### EXCERPTED RECORDS
______

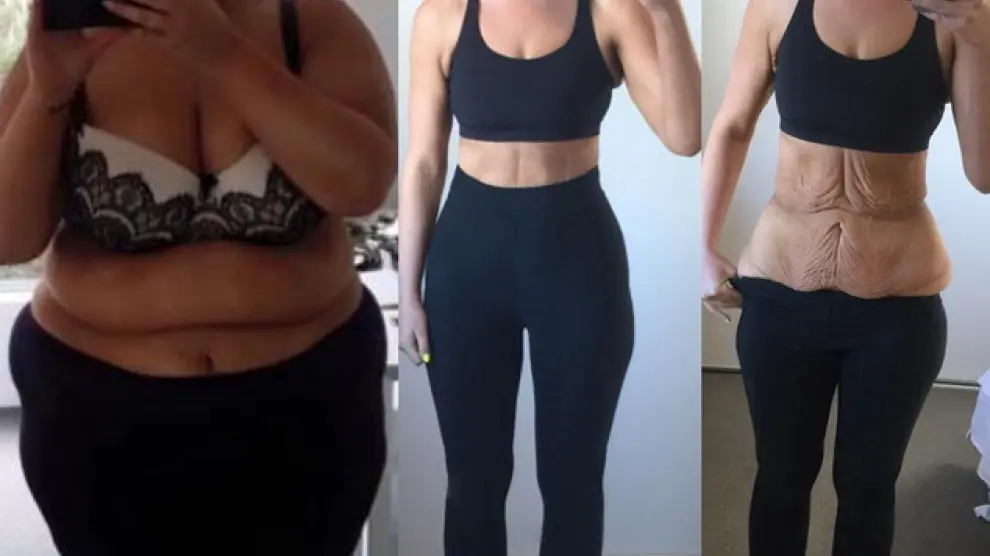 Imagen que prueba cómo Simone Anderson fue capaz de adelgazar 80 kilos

______

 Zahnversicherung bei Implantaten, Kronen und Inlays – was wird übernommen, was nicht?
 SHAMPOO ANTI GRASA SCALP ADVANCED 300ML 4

______

In the material above, transcribe exactly the lines beginning at the one with "Zahnversicherung bei Implantaten, Kronen" and ending at the one with "SHAMPOO ANTI GRASA SCALP ADVANCED 300ML 4", both included.

 Zahnversicherung bei Implantaten, Kronen und Inlays – was wird übernommen, was nicht?
 SHAMPOO ANTI GRASA SCALP ADVANCED 300ML 4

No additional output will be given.